== Supplied data ==
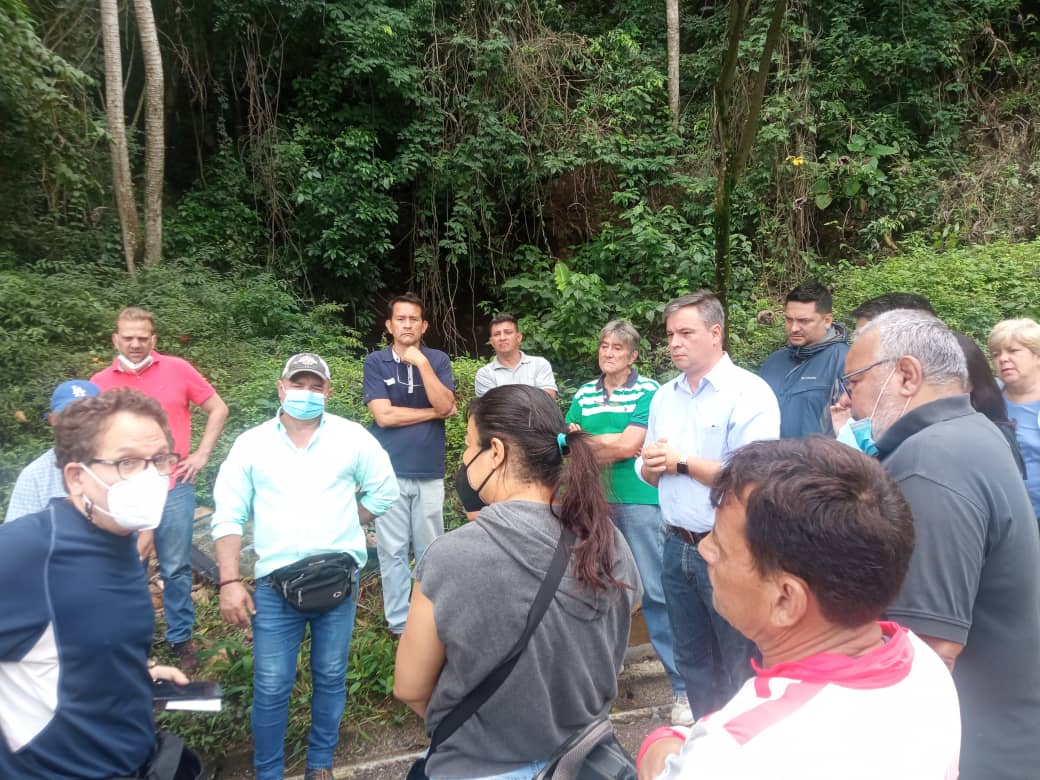 Juancavidal's tweet photo. Participación Ciudadana 🌳
Municipio Sucre.
#Lluvias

== Exercise directions ==
Pictures are to be left out; the listing above is otherwise to be copied exactly.

== Answer space ==
 Juancavidal's tweet photo. Participación Ciudadana 🌳
Municipio Sucre.
#Lluvias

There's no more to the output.